Though the railbirds have to pay many times the initial claim fee to get their hands on Mon Gateau, it becomes clear when they get a close-up look at the animal what a good investment it was. Forget about what Mon Gateau might be able to do in a race. The mixture of fear and pure childlike wonder on all their faces when Escalante invites them to pet their new investment suggests that this horse – like their unconventional partnership, which was apparently cemented by Lonnie’s near-fatal encounter with the insurance agents – may help fill in some of the gaps in their lives that have turned them into degenerate racing junkies in the first place. It’s an incredibly charming scene, particularly in the way that all four – Marcus in particular – drop whatever armor they usually put up in their dealings with the world.
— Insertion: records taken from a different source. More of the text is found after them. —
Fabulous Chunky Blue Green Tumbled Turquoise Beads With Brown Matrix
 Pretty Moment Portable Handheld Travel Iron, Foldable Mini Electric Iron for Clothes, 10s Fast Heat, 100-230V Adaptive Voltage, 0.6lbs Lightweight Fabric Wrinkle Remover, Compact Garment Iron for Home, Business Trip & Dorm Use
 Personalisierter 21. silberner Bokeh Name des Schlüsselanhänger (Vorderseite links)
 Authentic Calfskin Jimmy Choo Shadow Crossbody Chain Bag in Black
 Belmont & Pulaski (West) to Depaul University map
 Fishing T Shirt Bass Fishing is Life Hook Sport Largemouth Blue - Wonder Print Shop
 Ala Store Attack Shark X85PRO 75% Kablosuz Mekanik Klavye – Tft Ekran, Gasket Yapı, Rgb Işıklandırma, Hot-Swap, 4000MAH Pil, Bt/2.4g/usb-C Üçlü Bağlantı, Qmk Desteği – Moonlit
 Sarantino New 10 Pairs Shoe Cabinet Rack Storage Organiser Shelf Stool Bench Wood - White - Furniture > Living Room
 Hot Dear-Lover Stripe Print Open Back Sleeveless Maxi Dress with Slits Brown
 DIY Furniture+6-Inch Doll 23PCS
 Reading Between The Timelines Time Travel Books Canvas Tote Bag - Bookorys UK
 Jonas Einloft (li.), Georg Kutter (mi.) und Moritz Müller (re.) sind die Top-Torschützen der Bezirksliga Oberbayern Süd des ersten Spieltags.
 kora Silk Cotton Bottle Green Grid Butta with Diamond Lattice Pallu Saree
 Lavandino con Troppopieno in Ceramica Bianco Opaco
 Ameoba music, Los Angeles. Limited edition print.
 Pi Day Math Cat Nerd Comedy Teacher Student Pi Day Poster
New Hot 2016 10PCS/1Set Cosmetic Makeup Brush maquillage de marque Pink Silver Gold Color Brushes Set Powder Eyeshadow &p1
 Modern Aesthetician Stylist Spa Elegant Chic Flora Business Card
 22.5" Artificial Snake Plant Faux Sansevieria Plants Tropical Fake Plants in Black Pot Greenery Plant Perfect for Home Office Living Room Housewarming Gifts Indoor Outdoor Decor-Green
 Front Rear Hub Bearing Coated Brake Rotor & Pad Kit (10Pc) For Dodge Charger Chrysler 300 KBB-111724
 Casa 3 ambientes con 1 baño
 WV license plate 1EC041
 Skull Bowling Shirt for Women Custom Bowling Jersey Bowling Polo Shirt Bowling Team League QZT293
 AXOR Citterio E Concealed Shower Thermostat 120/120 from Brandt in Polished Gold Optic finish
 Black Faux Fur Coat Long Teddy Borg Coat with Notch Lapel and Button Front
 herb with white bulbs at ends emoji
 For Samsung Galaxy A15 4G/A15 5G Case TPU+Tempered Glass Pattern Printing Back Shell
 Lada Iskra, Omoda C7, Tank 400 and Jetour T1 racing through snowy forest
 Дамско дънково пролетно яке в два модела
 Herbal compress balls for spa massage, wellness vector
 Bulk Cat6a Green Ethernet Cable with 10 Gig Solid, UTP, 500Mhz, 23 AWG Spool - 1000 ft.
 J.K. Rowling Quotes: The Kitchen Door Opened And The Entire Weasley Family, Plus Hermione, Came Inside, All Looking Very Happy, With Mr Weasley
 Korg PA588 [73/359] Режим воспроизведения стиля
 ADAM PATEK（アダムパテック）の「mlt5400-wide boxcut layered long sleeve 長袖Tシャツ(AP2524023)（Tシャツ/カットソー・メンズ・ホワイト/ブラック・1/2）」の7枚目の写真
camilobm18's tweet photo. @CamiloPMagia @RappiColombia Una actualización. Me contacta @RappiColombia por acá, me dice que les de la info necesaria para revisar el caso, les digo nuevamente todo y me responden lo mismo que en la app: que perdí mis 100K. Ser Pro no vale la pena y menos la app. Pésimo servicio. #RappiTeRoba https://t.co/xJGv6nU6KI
Though Escalante no longer owns Mon Gateau, he gets to keep training the animal he and Dr. Jo spent so much time rehabilitating. Jo gets to call Escalante out on his paranoid delusions, and their relationship takes on a new meaning when we follow them home and discover it’s romantic (or, at least, sexual) as well as professional.
And while Ronnie won’t be riding Gettin’ Up Morning – or any horse, for that matter – anytime soon after suffering a bad injury (“I break this fucking collarbone more than I get laid”), he’s not going to vanish from the action. We see with both his scenes and Leon’s this week just how brutal and dangerous the jockey’s profession is. Leon falls and cracks his head just trying to make weight, and after cleaning himself up for a shot at Walter’s impressive horse, Ronnie goes right back to drinking and getting high to deal with the pain, the frustration and the inactivity. Like most of the show’s characters, he appears to have no life outside of the track. If he’s not riding, what is he? Just a different kind of addict?
Some other thoughts:
* It was pretty strongly implied last week – especially once we knew for sure that the foursome had cashed in the Pick Six ticket – but we get confirmation tonight that the mysterious laundry bag Marcus carries with him everywhere contains his share of their winnings. Not the most sound saving plan I can think of, but a lot of banks these days wouldn’t offer significantly more interest than the cash is going to generate inside that bag.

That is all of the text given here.